3.2.– APRECIAÇÃO DO MÉRITO DO RECURSO
Confrontado com o requerimento apresentado pelo autor/recorrente quanto ao pretendido reconhecimento de que beneficia de isenção subjectiva do pagamento de custas processuais, o Tribunal a quo apreciou tal questão do seguinte modo:
“Cabe apreciar a questão da alegada isenção do autor do pagamento de custas processuais.
Consta do artigo 4.º do Regulamento das Custas Processuais o elenco de isenções de custas processuais.

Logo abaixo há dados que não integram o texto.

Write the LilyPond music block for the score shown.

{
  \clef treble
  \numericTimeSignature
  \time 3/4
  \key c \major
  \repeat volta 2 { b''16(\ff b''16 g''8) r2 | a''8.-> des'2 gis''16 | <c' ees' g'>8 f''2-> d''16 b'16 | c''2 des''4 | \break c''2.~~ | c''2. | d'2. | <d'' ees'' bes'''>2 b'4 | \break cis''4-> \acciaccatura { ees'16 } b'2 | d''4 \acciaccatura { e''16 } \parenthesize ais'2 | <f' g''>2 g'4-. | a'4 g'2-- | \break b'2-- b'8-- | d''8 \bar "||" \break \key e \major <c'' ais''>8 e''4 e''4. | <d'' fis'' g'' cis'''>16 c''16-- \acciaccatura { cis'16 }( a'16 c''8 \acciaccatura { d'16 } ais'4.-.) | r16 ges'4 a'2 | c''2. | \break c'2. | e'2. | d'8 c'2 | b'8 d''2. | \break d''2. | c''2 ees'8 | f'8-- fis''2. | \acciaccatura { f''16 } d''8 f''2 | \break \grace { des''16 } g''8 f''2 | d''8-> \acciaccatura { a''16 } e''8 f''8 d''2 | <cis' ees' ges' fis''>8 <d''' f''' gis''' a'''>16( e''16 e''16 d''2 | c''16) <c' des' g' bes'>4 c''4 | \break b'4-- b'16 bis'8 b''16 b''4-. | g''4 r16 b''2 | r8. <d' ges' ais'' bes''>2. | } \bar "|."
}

Em especial, dispõe o artigo 24.º do Decreto-Lei n.º 34/2008 de 26 de Fevereiro, sob a epígrafe “Serviço Nacional de Saúde”, que: “Os serviços e estabelecimentos do Serviço Nacional de Saúde ficam isentos de custas processuais na cobrança de dívidas em virtude dos cuidados de saúde prestados a utentes ao abrigo do Decreto-Lei n.º 218/99, de 15 de Junho, até à entrada em funcionamento do Tribunal Arbitral do Centro de Informação, Mediação e Arbitragem de Dívidas Hospitalares.”
Nesta senda, dispõe o artigo 1.º, n.ºs 1 e 2, Decreto-lei n.º 218/99, de 15 de Junho, na sua actual redacção (dada Lei n.º 64-B/2011, de 30/12), que: “1- O presente diploma estabelece o regime de cobrança de dívidas pelas instituições e serviços integrados no Serviço Nacional de Saúde em virtude dos cuidados de saúde prestados. 2- Para efeitos do presente diploma, a realização das prestações de saúde consideram-se feitas ao abrigo de um contrato de prestação de serviços, sendo aplicável o regime jurídico das injunções.”

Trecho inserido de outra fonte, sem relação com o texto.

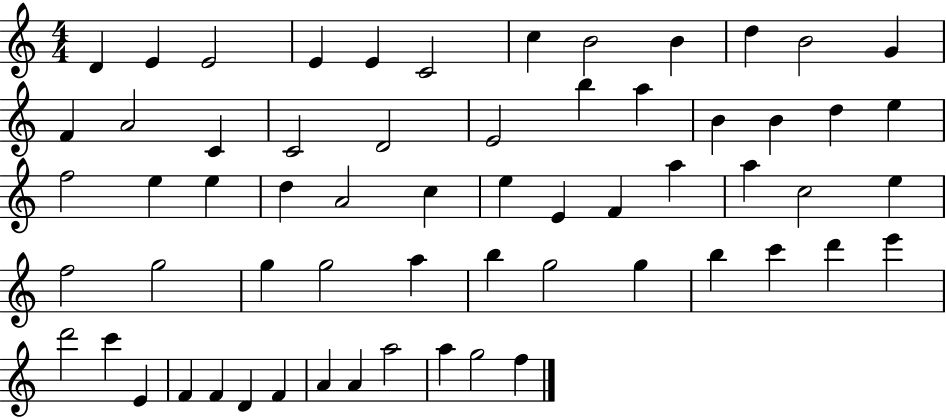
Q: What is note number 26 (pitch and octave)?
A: E5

Neste conspecto, é relevante citar, ainda, o Exmo. Sr. Conselheiro Salvador da Costa: “Os serviços e estabelecimentos do Serviço Nacional de Saúde ficam isentos de custas processuais na cobrança de dívidas em virtude dos cuidados de saúde prestados a utentes ao abrigo do DL 218/99, de 15 de junho, até à entrada em funcionamento do Tribunal Arbitral do Centro de Informação, Mediação e Arbitragem de Dívidas Hospitalares (art.º do 24 do DL n.º 34/2008). É uma isenção subjectiva de custas de termo incerto, abrangente de taxa de justiça e encargos, em qualquer procedimento ou ação declarativa ou executiva. Todavia, o DL n.º 218/99 estabeleceu a cobrança das referidas dívidas por via do procedimento de injunção previsto no DL n.º 269/98 (Lei n.º 64-B/2011, de 30 de dezembro). Parece, por isso, que o legislador abdicou de fazer entrar em funcionamento o referido Tribunal Arbitral.”

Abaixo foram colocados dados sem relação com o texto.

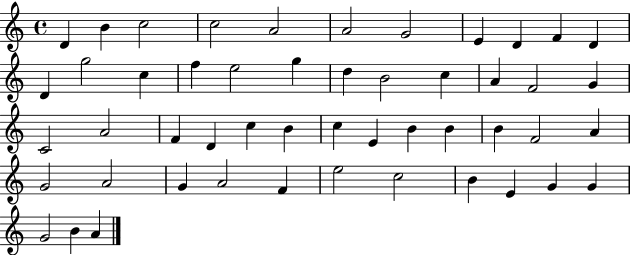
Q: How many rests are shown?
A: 0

Tal o entendimento que perfilha o tribunal, pois, prevendo-se que à cobrança de dívidas pelas instituições e serviços integrados no Serviço Nacional de Saúde em virtude dos cuidados de saúde prestados se aplica o procedimento de injunção, é forçoso concluir que inexistirá Tribunal Arbitral. Por conseguinte, cessa a sobredita isenção a termo incerto.
Pelo exposto, notifique o autor nos termos e para os efeitos do disposto no artigo 7.º, n.º 6, do Regulamento das Custas Processuais.”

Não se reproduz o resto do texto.